New rules to facilitate overseas investment in Chinese bond market
China’s central bank on Friday unveiled cash management rules for overseas institutional investors looking to the country’s bond market, in a fresh move to beef up the attraction of a continuously opening financial market.
The new rules are set to streamline overseas institutions’ investment in China’s bond market and lower their trading costs, analysts said, expecting more deregulating moves to channel overseas investors into a wider range of bond portfolios.
Describing the rule announcement as an effort to ramp up the two-way opening of the financial market, the People’s Bank of China (PBC), the country’s central bank, said in a statement on its website on Friday that the new regulation aims to boost the appeal of China’s bond market for overseas institutional investors.
The new regulation, which comes into force on January 1, 2023, crystallizes a unified set of management rules for cash accounts, receipts and payments, remittances and statistics and monitoring, among other areas involved in overseas institutional investors’ commitments to the country’s bond market, read the PBC statement.
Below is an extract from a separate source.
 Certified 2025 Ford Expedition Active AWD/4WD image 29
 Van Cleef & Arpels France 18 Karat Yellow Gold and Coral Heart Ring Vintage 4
The new regulation will facilitate overseas institutions’ investment in the bond market as it partially eases curbs on overseas funds investing in Chinese bonds and lowers the trading costs of their bond investment, Wu Jinduo, head of fixed income at the research institute of Great Wall Securities, told the Global Times on Friday.
Among the highlights of the new rules are an improvement in spot foreign exchange sale and purchase management that allows overseas institutional investors to handle forex settlements through third-party financial institutions other than settlement agents.
Additionally, overseas instructional investors will gain access to expanded forex hedging channels, according to the new rules that also scrap the limits on the number of counterparties in over-thecounter trades.